§ INSTRUCTIONS TO FOLLOW
Nothing but the lines from the one that contains "Klondyke 1943 topographic map thumbnail" to the end of the records should be printed, both ends included, exactly as given.

§ RECORDS SUPPLIED
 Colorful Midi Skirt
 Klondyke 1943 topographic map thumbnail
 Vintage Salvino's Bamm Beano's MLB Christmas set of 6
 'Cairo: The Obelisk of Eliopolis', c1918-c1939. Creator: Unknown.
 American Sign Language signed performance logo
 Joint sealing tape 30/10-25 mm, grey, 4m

§ REPLY
 Klondyke 1943 topographic map thumbnail
 Vintage Salvino's Bamm Beano's MLB Christmas set of 6
 'Cairo: The Obelisk of Eliopolis', c1918-c1939. Creator: Unknown.
 American Sign Language signed performance logo
 Joint sealing tape 30/10-25 mm, grey, 4m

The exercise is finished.